PROMPT: From the first line to the last, restate every record word for word, leaving out the pictures.

---------- DATA SUPPLIED ----------

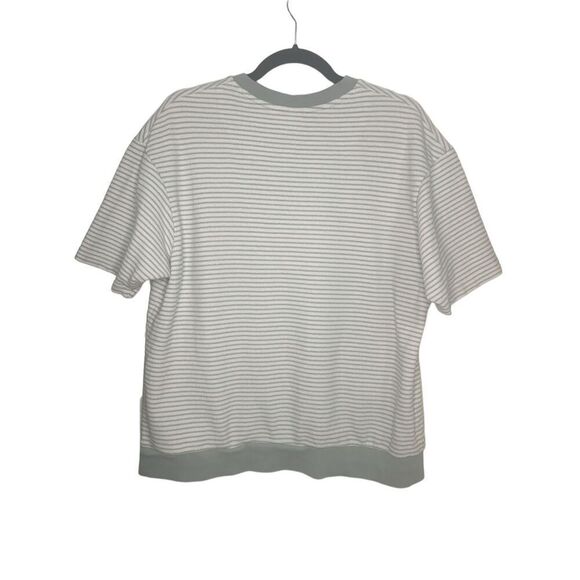 ZARA Women’s Large Textured T-Shirt Green White Striped Heavyweight Hipster - Picture 4 of 5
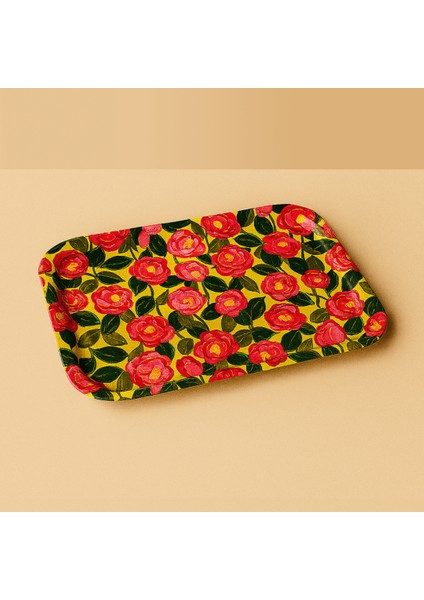 Çiçek Desenli Sunumluk Sarı Metal Tepsi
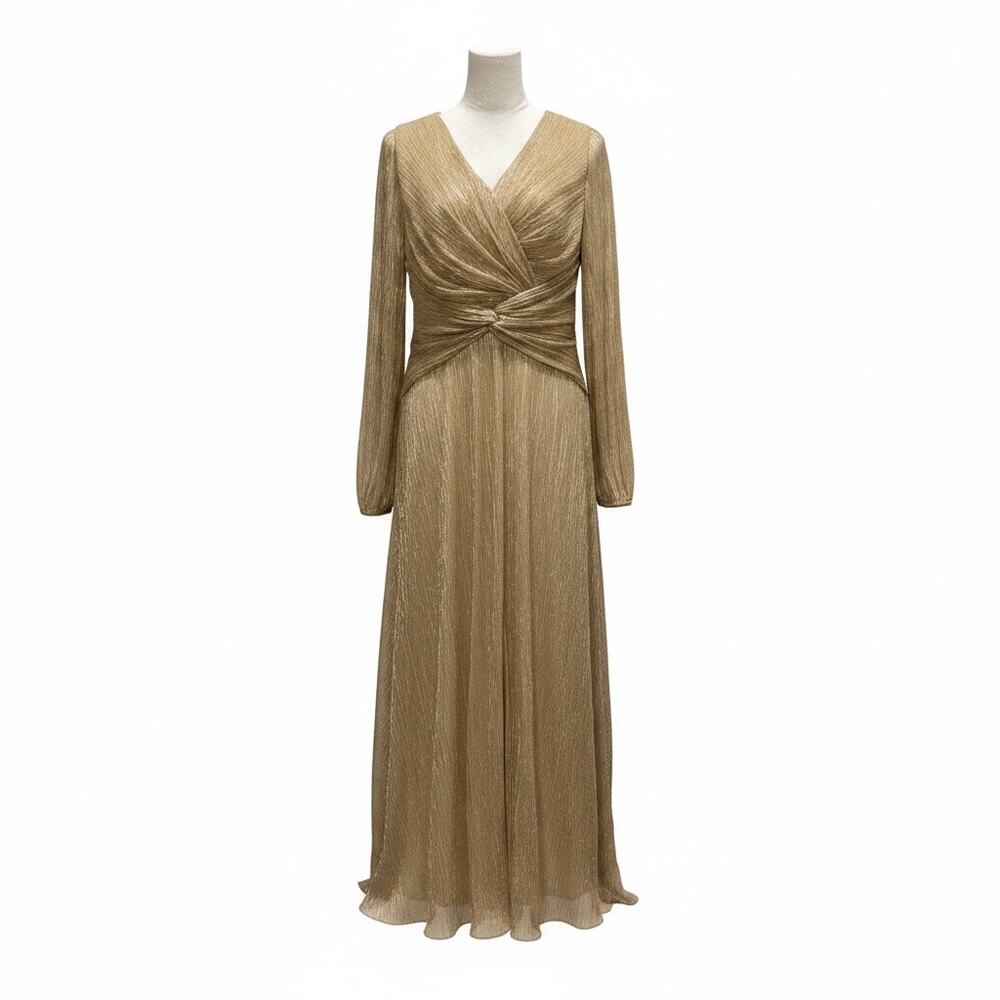 Oleg Cassini Full Length Dress Size 14 Gold with Long Sleeves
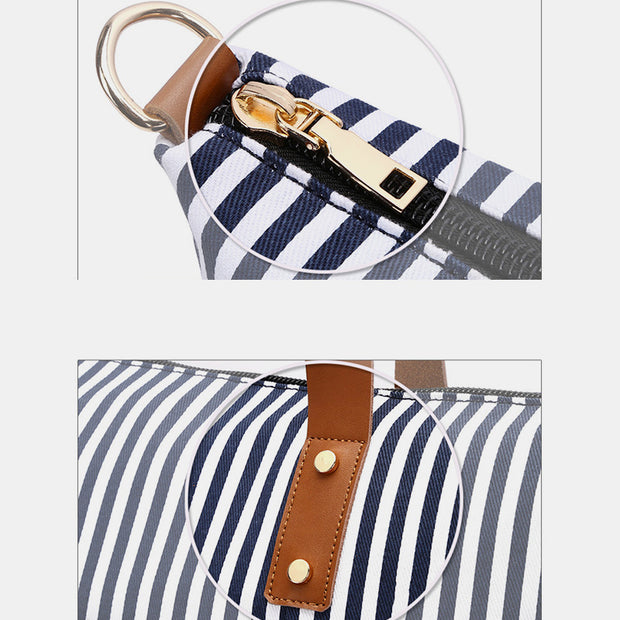 Vintage Stripe Multifunctional Handbag Beach Bag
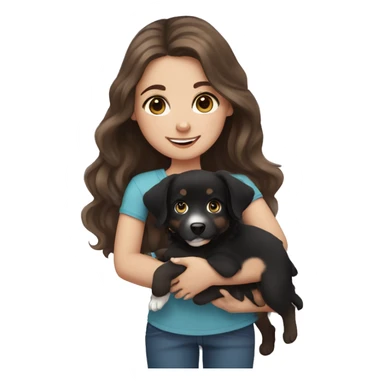 girl with brown hair and blue eyes holding black australian shepherd puppy sticker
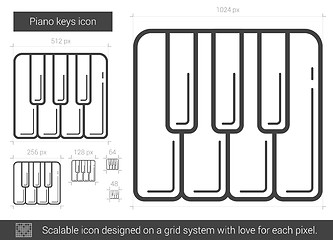 Image showing Piano keys line icon.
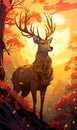 Modern illustration of a deer in an autumnal forest. Generative AI.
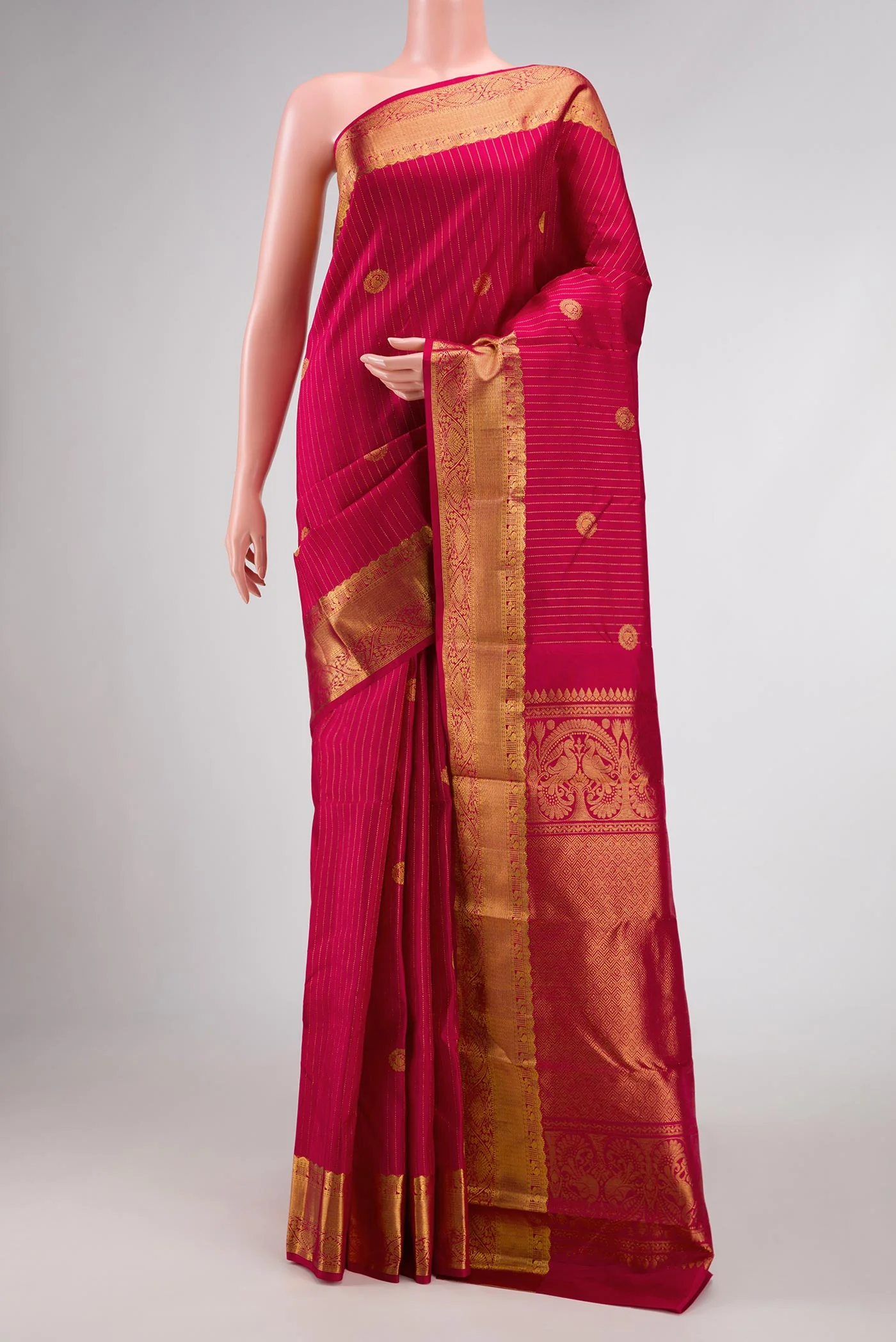 Dark Pink Dual Tone Kanjivaram Silk Saree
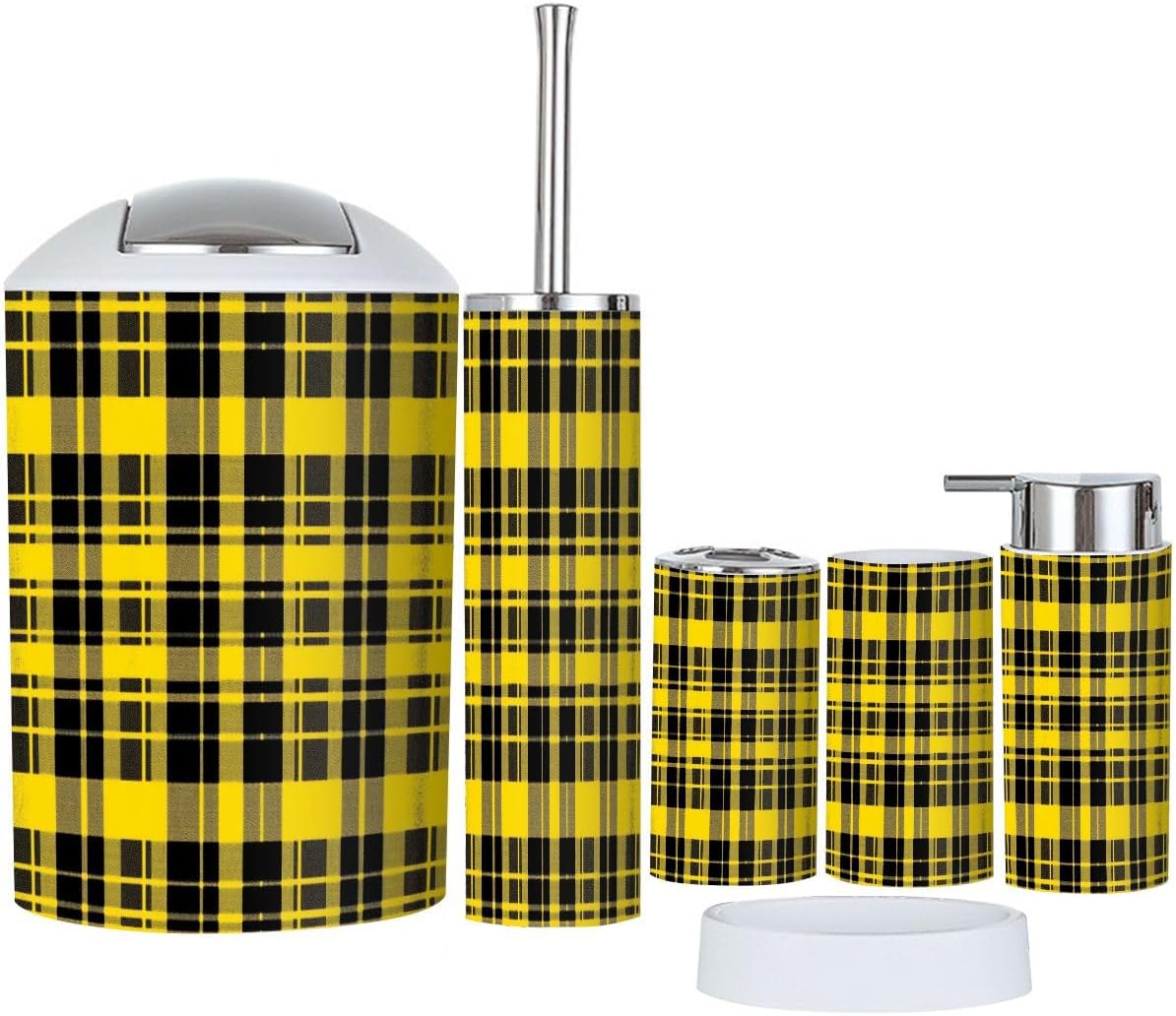 Boho Yellow Black Tartan Bathroom Accessory Set 6 Piece 1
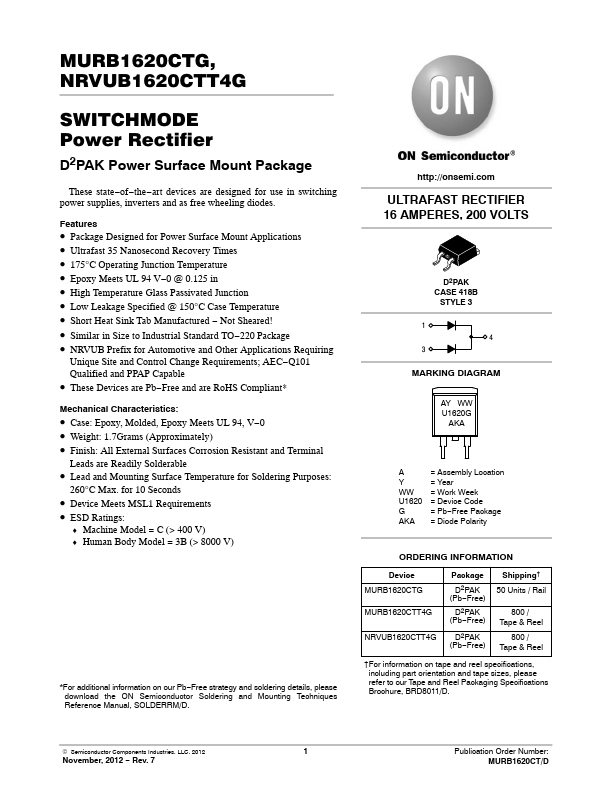 MURB1620CTT4G ON Semiconductor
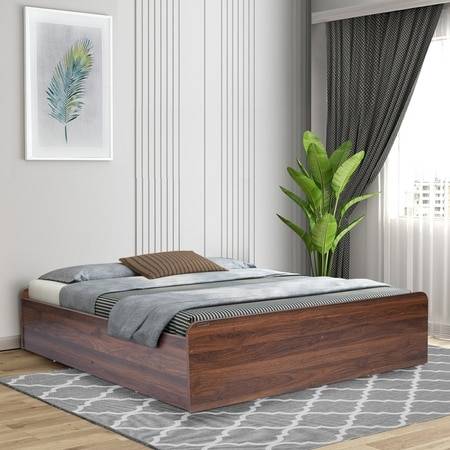 Maverick Engineered Wood Mid Bed Without Head Board in Columbian Walnut Finish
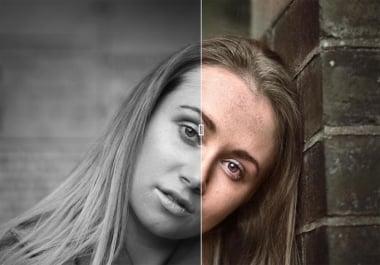 I am converting black and white photos into color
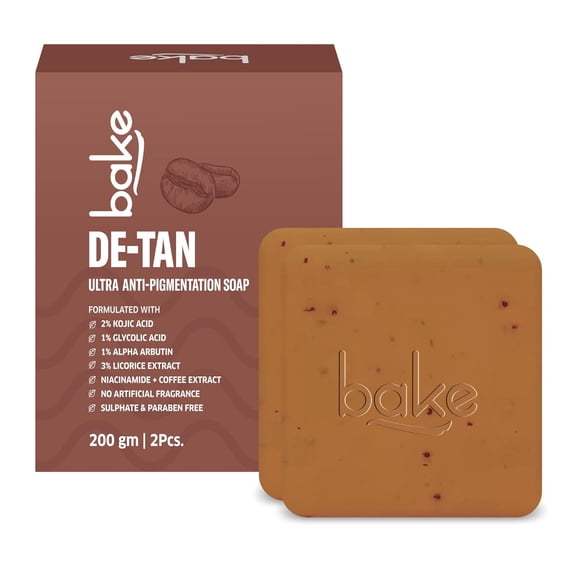 BAKE De-Tan Scrub, Coffee Soap (200Gms Pack of 2) | With 2% Kojic Acid, 1% Glycolic Acid, 1% Alpha Arbutin | For Women & Men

----------

ANSWER BELOW:
 ZARA Women’s Large Textured T-Shirt Green White Striped Heavyweight Hipster - Picture 4 of 5
 Çiçek Desenli Sunumluk Sarı Metal Tepsi
 Oleg Cassini Full Length Dress Size 14 Gold with Long Sleeves
 Vintage Stripe Multifunctional Handbag Beach Bag
 girl with brown hair and blue eyes holding black australian shepherd puppy sticker
 Image showing Piano keys line icon.
 Modern illustration of a deer in an autumnal forest. Generative AI.
 Dark Pink Dual Tone Kanjivaram Silk Saree
 Boho Yellow Black Tartan Bathroom Accessory Set 6 Piece 1
 MURB1620CTT4G ON Semiconductor
 Maverick Engineered Wood Mid Bed Without Head Board in Columbian Walnut Finish
 I am converting black and white photos into color
 BAKE De-Tan Scrub, Coffee Soap (200Gms Pack of 2) | With 2% Kojic Acid, 1% Glycolic Acid, 1% Alpha Arbutin | For Women & Men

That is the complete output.